> [Source data]
☆ ☆ ☆ ☆ ☆

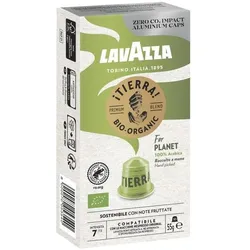 Lavazza 10er-Pack BIO Kaffeekapseln »Tierra for Planet« 55 g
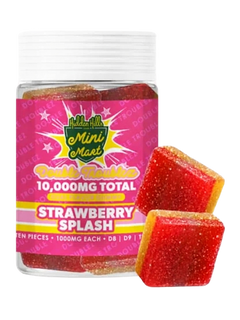 Hidden Hills Strawberry Splash  Mini Mart Double Troublez Gummies 10G-1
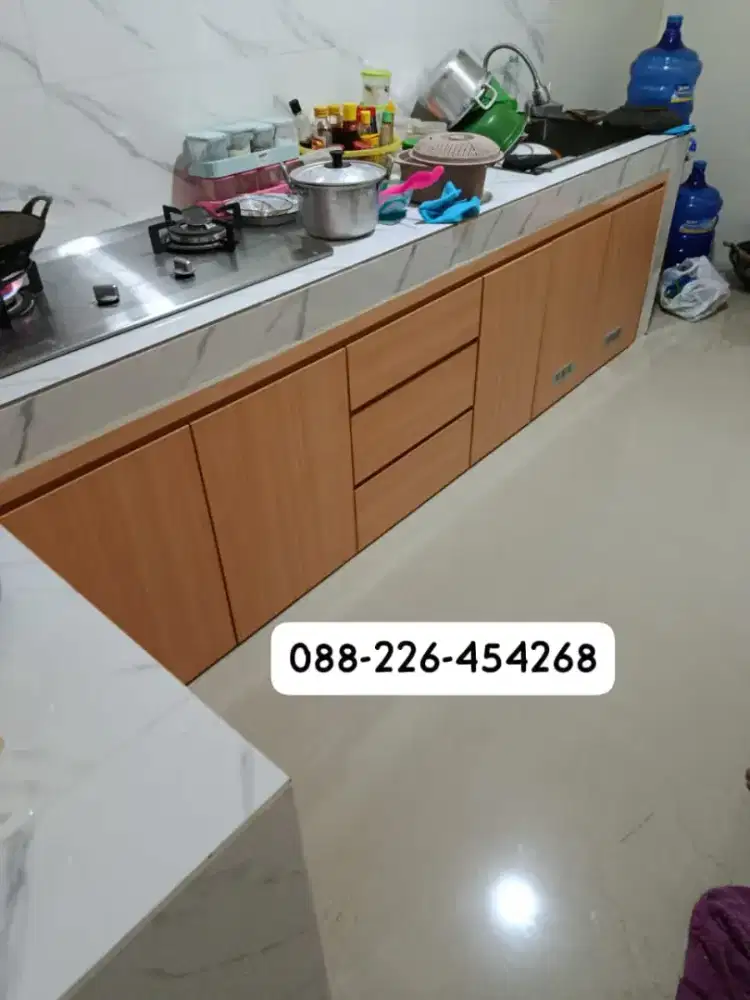 Kitchen set minimalis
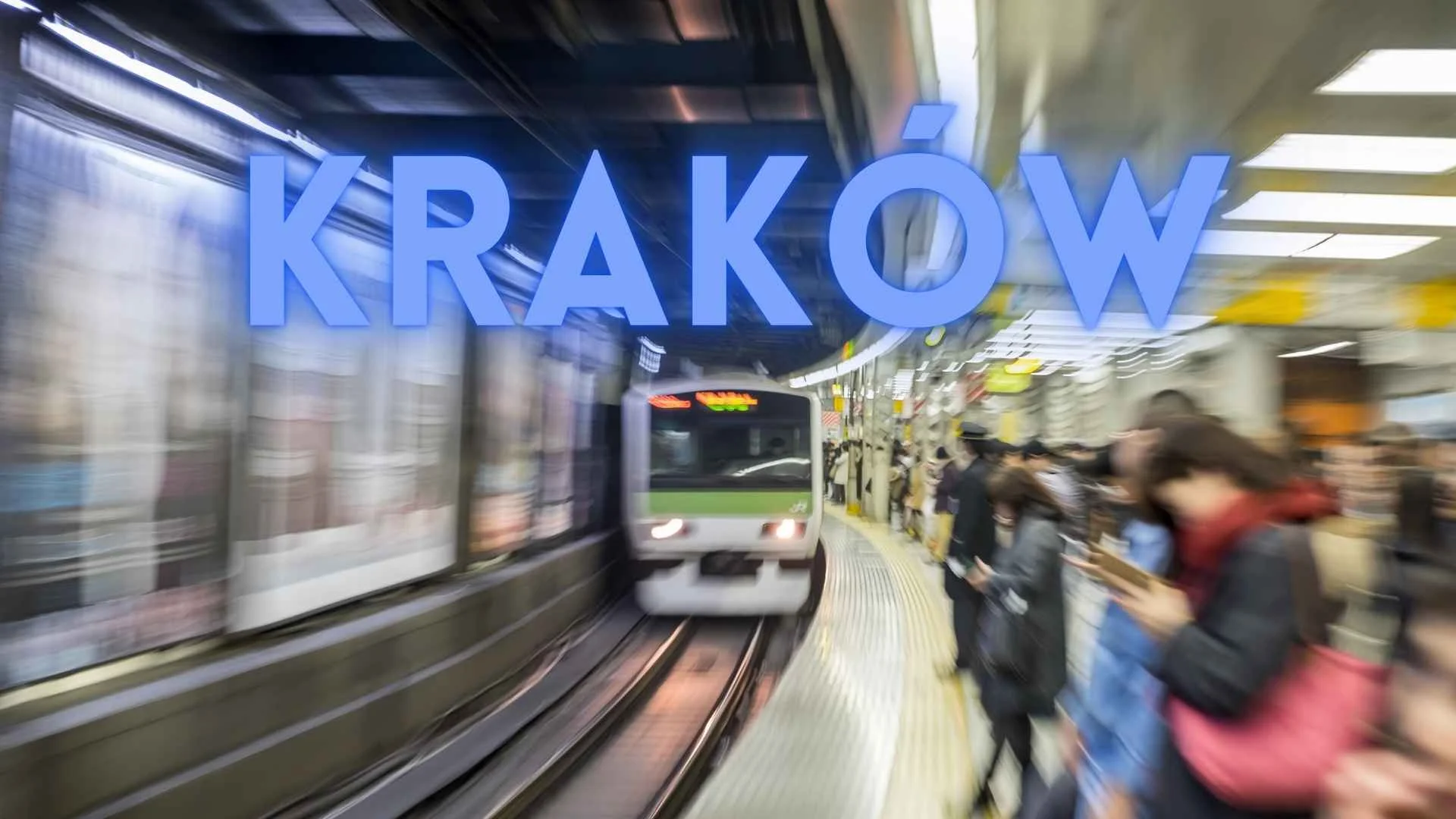 Metro w Krakowie to najdroższy sen w Polsce. Pora w końcu się obudzić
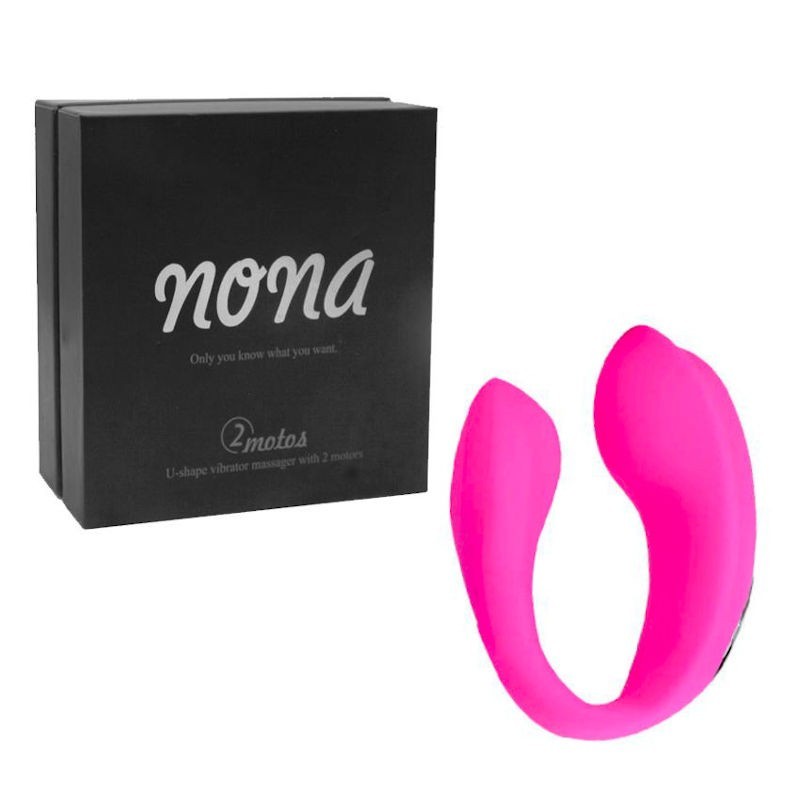 Nona U Shape Couples Double Vibrator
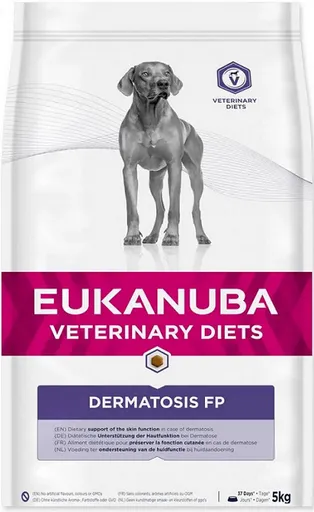EUKANUBA VD Dog Dermatosis Dry granule pre psy 5 kg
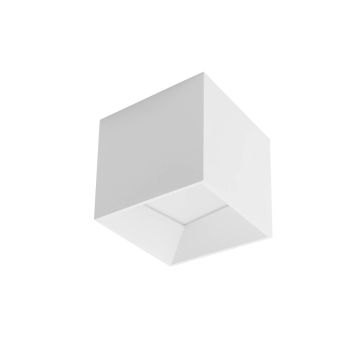 Plafonieră pătrată LED XVOSS 10W 220-240V AC 2700K CRI.90 110° Alb mat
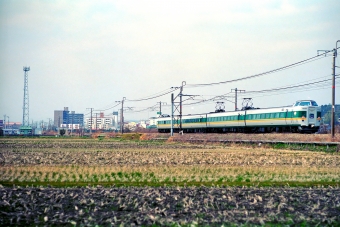 クモハ381-4 鉄道フォト・写真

☆ ☆ ☆ ☆ ☆

> [What is being asked]
Pictures aside, reproduce all of the material above without alteration.

> [Expected output]
 Lavazza 10er-Pack BIO Kaffeekapseln »Tierra for Planet« 55 g
 Hidden Hills Strawberry Splash  Mini Mart Double Troublez Gummies 10G-1
 Kitchen set minimalis
 Metro w Krakowie to najdroższy sen w Polsce. Pora w końcu się obudzić
 Nona U Shape Couples Double Vibrator
EUKANUBA VD Dog Dermatosis Dry granule pre psy 5 kg
 Plafonieră pătrată LED XVOSS 10W 220-240V AC 2700K CRI.90 110° Alb mat
 クモハ381-4 鉄道フォト・写真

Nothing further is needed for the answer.